It has been undergoing a major revitalisation since it was rediscovered by locals in the 1990s.

== Subprefecture ==
The Subprefecture of Centro and Centro Histórico is one of the seven subprefectures into which the municipality of Rio de Janeiro is sub-administered, and it is responsible for administering the administrative regions of Portuária, Centro, Rio Comprido, São Cristóvão, Ilha de Paquetá and Santa Teresa. It acts as an intermediary between the population of the entire area and the municipal government of Rio de Janeiro. It is also responsible for developing urban order for residents and visitors and for revitalizing the region under its jurisdiction.

== Neighbourhoods ==
- Bairro de Fátima
- Castelo
- Centro
- Catumbi
- Cidade Nova
- Estácio
- Gamboa
- Lapa
- Santa Teresa
- Santo Cristo
- Saúde

== Transportation ==
The city's main train station, Central do Brasil (which provides connections to the SuperVia regional rail system), is located in the Estacio district. The area also contains the terminus for the Santa Teresa Tram at Estação Carioca. Other important modes of transport that connect to Zona Central are:

- Rio Metro
- VLT (light rail/tram)
- Buses

The area also contains the Santos Dumont Airport, one of two major airports in the Rio area.

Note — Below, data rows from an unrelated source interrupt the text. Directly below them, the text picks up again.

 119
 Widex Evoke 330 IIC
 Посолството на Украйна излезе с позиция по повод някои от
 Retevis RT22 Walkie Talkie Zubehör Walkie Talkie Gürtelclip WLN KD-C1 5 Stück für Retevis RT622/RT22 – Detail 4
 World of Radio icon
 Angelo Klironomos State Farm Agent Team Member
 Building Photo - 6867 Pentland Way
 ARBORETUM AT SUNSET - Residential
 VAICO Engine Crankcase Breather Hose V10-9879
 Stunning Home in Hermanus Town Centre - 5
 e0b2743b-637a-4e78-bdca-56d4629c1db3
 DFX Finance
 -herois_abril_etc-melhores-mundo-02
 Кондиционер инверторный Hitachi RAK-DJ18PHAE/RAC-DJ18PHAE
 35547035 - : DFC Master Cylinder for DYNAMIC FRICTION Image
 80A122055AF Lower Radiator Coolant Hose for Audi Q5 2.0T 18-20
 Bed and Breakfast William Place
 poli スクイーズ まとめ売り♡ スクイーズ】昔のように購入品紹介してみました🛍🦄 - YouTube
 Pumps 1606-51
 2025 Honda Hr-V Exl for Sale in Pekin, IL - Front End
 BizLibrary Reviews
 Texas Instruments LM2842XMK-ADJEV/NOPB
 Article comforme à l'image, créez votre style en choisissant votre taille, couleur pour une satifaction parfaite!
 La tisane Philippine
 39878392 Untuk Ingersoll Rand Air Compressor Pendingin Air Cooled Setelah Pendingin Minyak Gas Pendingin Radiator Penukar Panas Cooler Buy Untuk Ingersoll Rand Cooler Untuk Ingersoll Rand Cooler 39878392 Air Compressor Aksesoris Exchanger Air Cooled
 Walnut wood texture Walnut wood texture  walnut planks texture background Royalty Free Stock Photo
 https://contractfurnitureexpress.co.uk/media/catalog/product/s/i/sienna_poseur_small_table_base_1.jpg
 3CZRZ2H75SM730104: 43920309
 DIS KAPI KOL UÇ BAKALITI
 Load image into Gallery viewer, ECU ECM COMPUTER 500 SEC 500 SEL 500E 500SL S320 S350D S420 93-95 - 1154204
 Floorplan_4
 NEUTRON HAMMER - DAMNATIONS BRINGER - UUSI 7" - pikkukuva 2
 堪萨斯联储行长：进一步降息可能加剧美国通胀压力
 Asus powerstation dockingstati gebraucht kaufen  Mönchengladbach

The Central Zone is the core of the Rio de Janeiro metropolis, that is, it polarizes the entire metropolitan area. It contains the largest concentration of job opportunities in the Greater Rio region, which makes the area the main pole attracting workers from all parts of this metropolitan agglomeration. To serve residents of this region who travel daily toward the metropolitan core, mainly for work, the Central Zone has a large number of urban routes—both municipal and intermunicipal—of buses, trains, metro and ferries that directly connect this part of the capital to almost all neighborhoods of the South, North and West zones of the municipality of Rio, and to a large part of the neighborhoods of the municipalities of Duque de Caxias, São João de Meriti, Belford Roxo, Nilópolis, Mesquita, Nova Iguaçu, Queimados, Japeri, Paracambi, Seropédica, Itaguaí, Magé, Guapimirim, Niterói, São Gonçalo, Itaboraí, Tanguá, Maricá and Rio Bonito (in addition to vans and intercity bus lines that travel from downtown Rio to metropolitan municipalities farther from the core, such as Cachoeiras de Macacu and Mangaratiba), which shapes urban mobility and thus keeps the municipalities of the Rio de Janeiro metropolitan agglomeration strongly linked to its main centrality.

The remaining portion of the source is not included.